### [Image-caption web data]
-=-=-
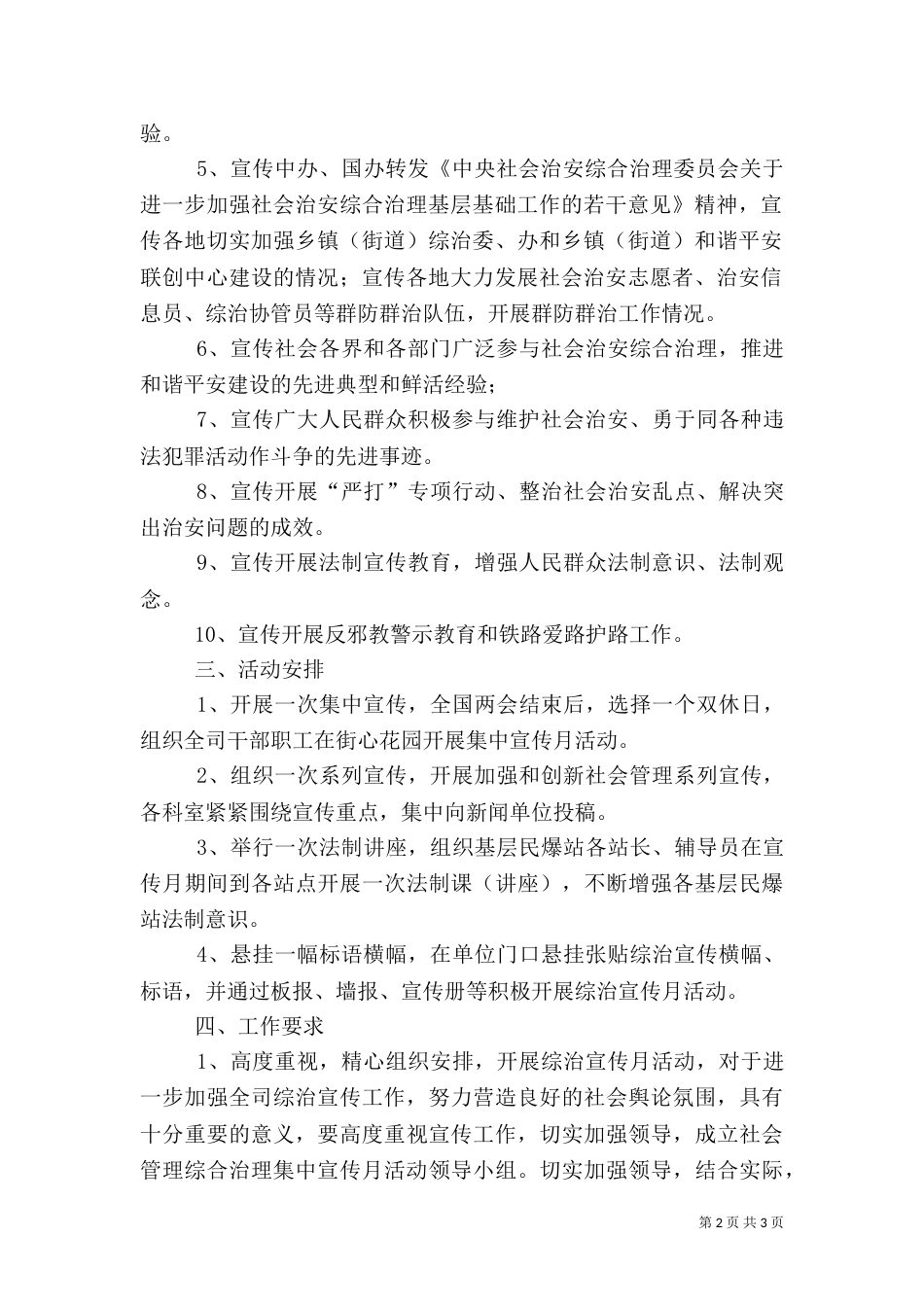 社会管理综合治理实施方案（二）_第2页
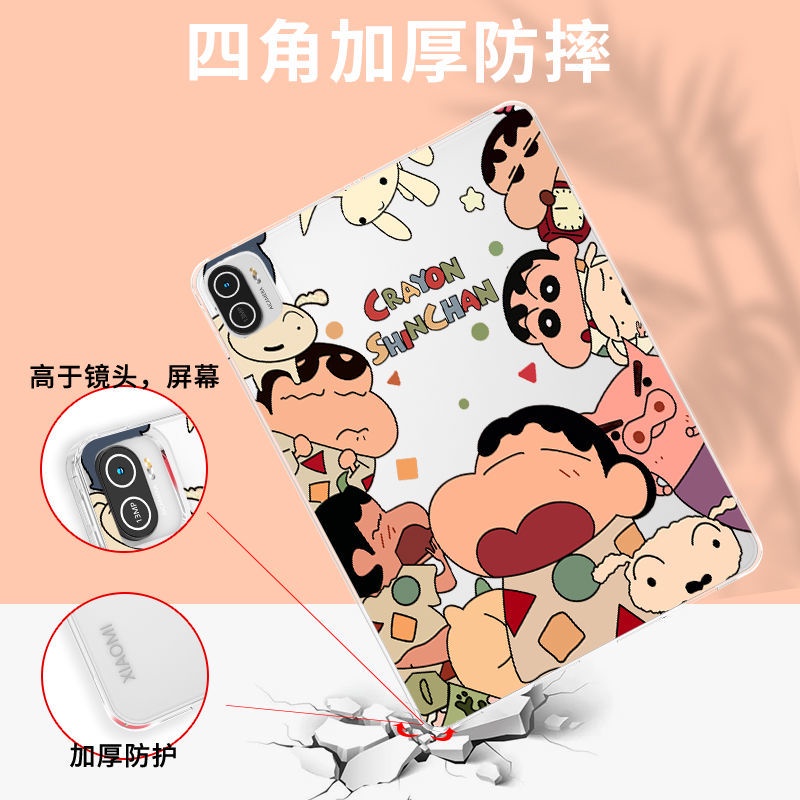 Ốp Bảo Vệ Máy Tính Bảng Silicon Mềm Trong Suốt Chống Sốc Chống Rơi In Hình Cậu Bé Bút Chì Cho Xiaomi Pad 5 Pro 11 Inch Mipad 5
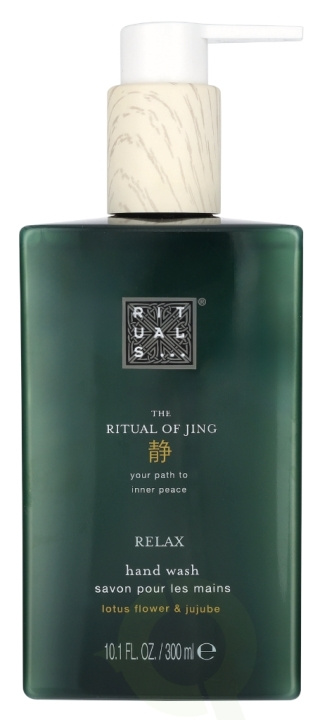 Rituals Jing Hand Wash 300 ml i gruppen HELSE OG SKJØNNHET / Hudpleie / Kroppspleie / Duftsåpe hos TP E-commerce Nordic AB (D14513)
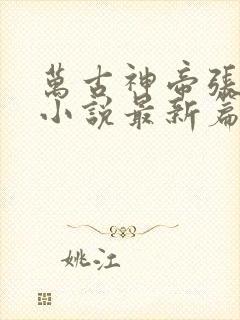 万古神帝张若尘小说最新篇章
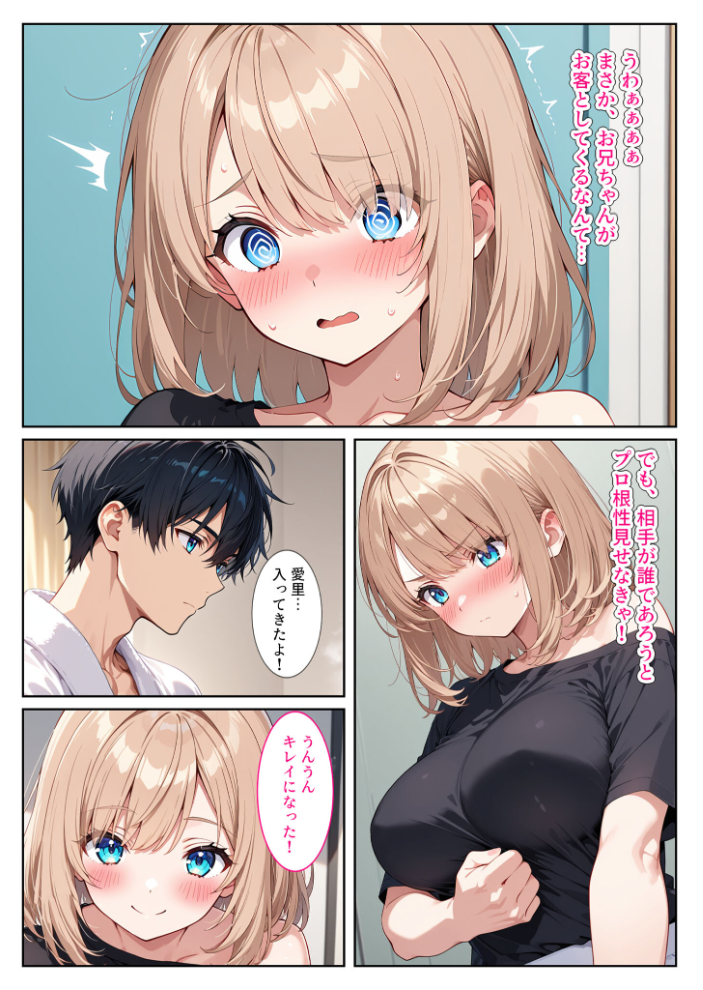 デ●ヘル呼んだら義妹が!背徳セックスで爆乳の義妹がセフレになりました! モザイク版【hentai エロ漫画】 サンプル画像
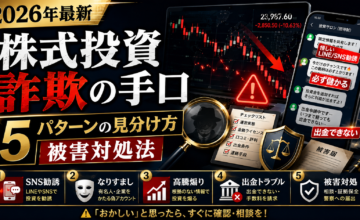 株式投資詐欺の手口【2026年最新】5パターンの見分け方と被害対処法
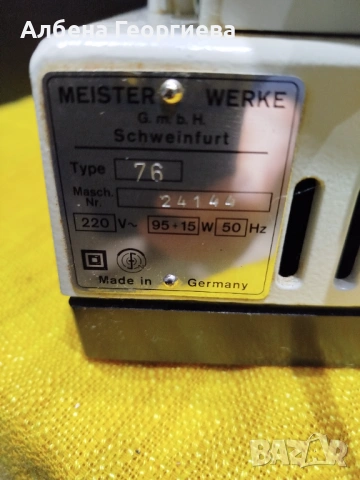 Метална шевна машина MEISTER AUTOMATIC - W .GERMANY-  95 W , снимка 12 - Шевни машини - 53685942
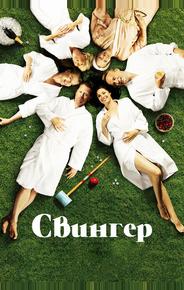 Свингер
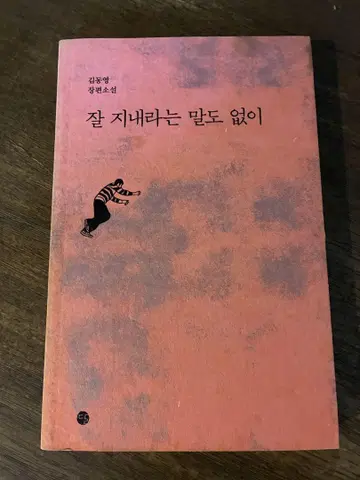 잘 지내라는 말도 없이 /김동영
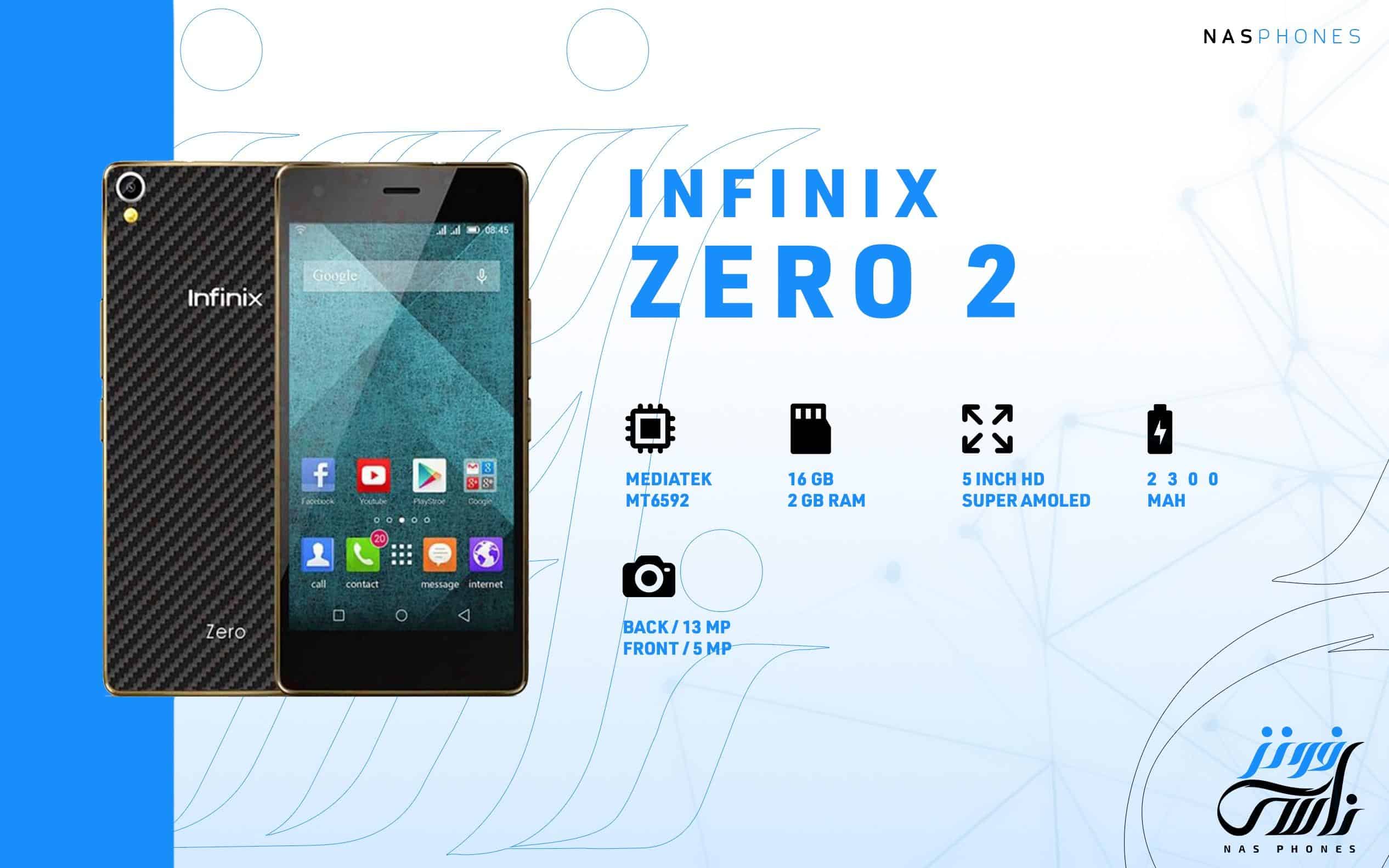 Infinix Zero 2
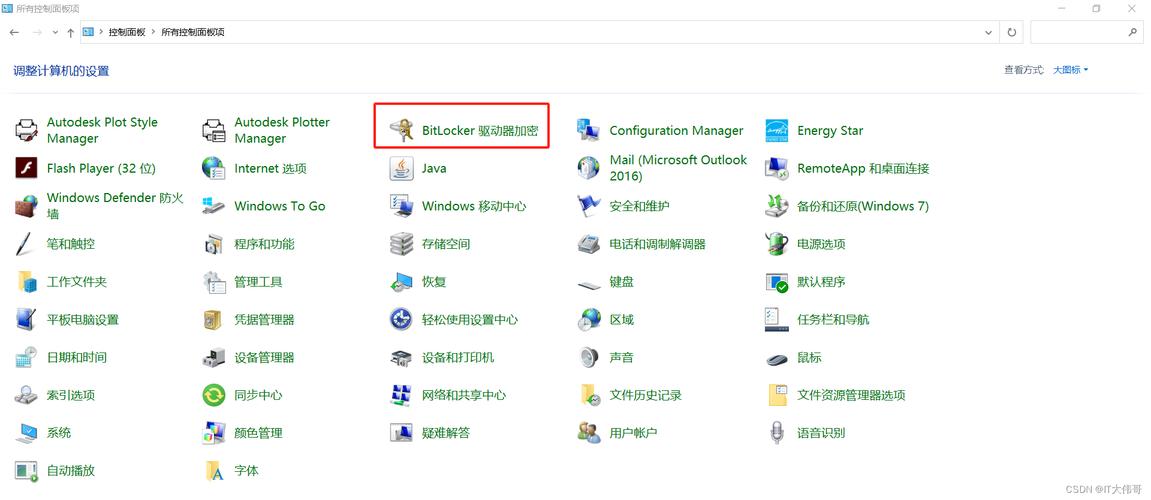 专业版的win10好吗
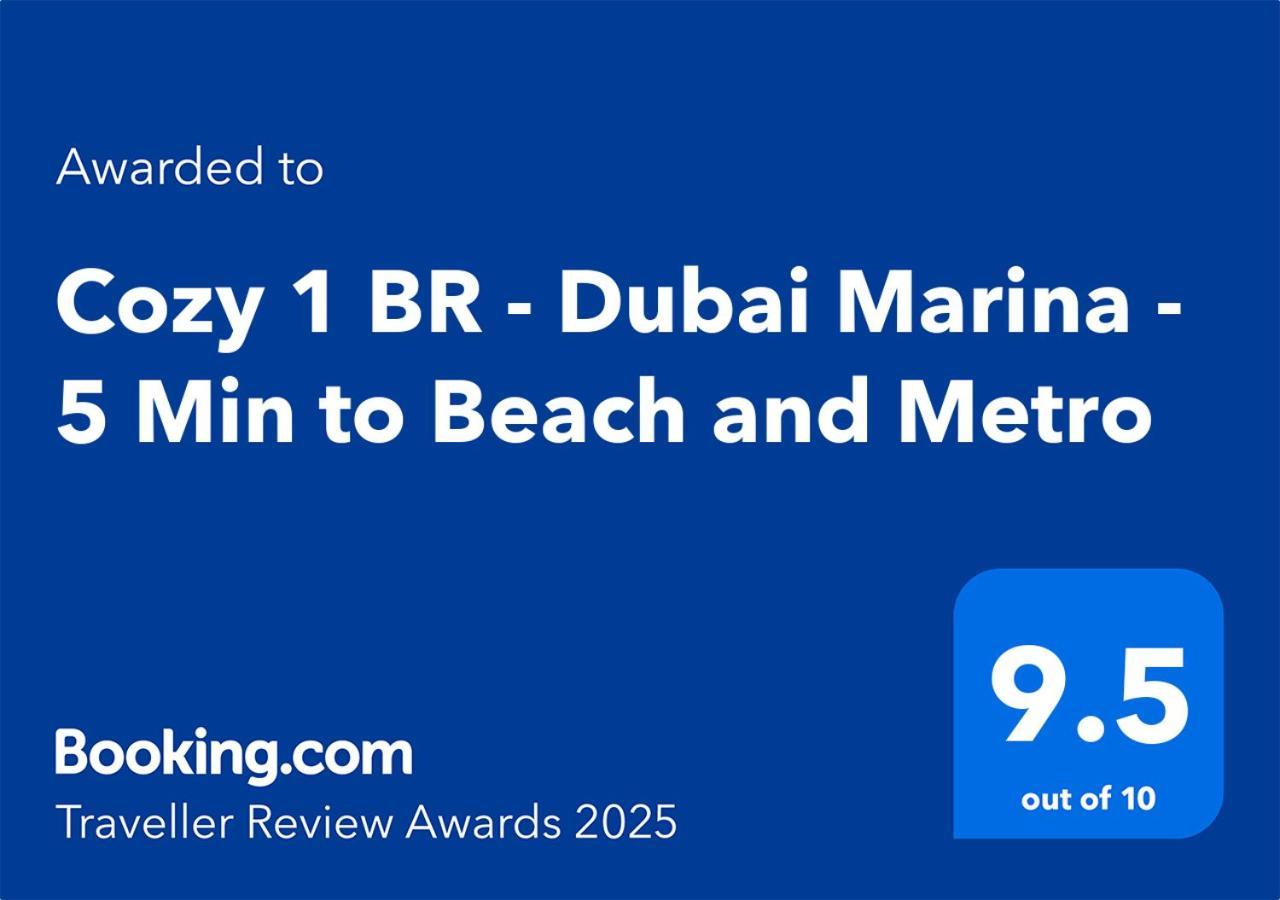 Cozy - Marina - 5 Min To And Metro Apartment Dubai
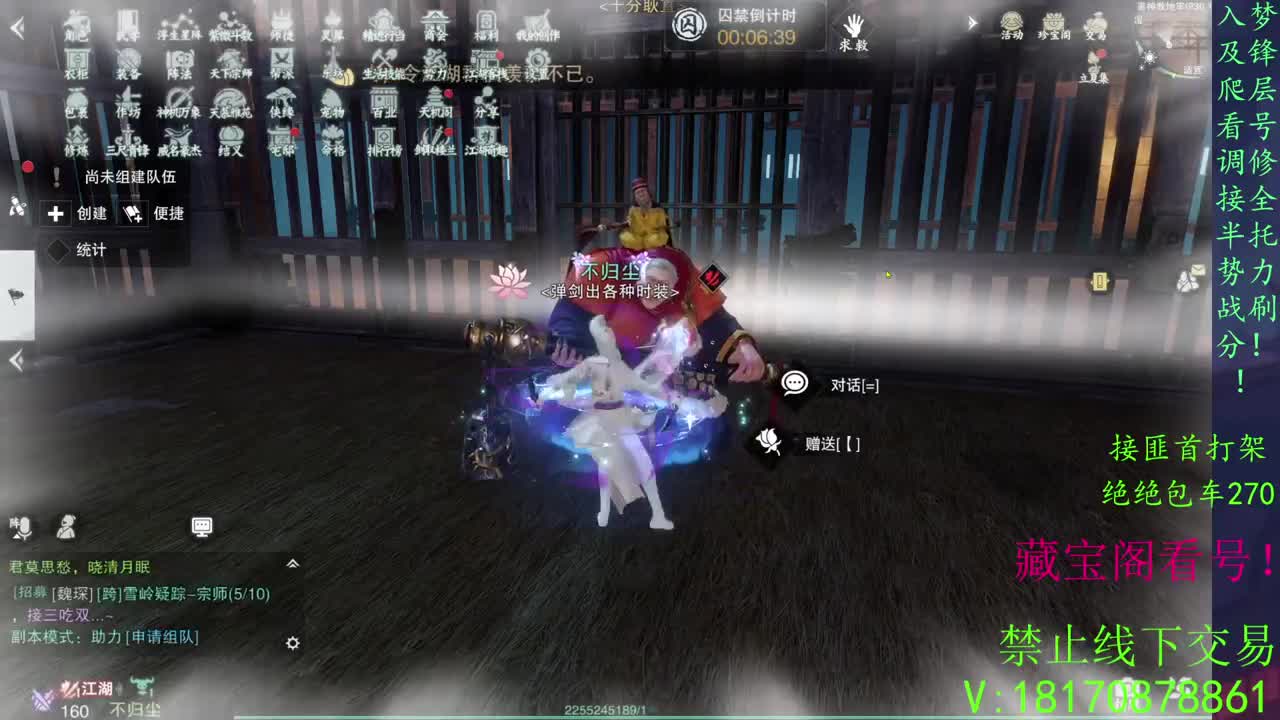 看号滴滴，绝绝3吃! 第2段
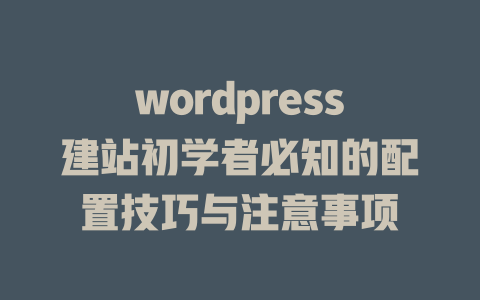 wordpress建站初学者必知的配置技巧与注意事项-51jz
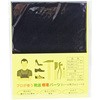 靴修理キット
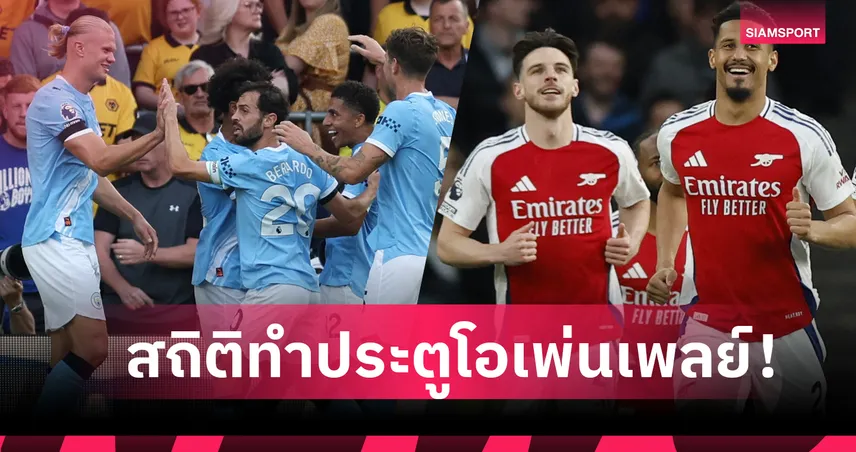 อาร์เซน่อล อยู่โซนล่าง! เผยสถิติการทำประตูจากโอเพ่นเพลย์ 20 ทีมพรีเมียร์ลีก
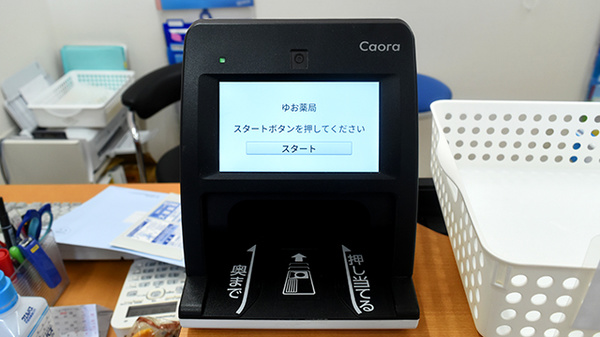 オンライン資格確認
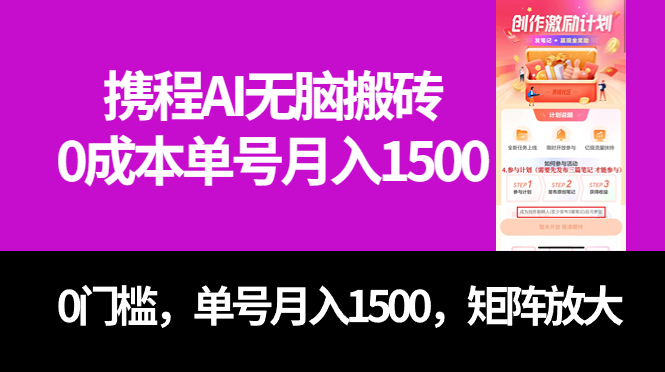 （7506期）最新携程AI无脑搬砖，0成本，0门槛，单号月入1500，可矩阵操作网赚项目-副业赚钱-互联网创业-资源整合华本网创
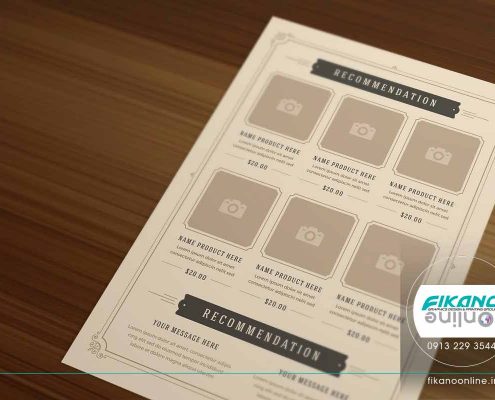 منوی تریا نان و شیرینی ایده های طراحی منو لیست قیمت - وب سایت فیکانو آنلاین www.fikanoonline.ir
-=-=-
### [TASK PROMPT]
Output exactly the lines from the line containing "专业版的win10好吗" through the last line of the records, both included, and leave out every picture.

### [SOLVED EXERCISE]
 专业版的win10好吗
 Cozy - Marina - 5 Min To And Metro Apartment Dubai
 看号滴滴，绝绝3吃! 第2段
 wordpress建站初学者必知的配置技巧与注意事项-51jz
 靴修理キット
 อาร์เซน่อล อยู่โซนล่าง! เผยสถิติการทำประตูจากโอเพ่นเพลย์ 20 ทีมพรีเมียร์ลีก
 オンライン資格確認
 （7506期）最新携程AI无脑搬砖，0成本，0门槛，单号月入1500，可矩阵操作网赚项目-副业赚钱-互联网创业-资源整合华本网创
 منوی تریا نان و شیرینی ایده های طراحی منو لیست قیمت - وب سایت فیکانو آنلاین www.fikanoonline.ir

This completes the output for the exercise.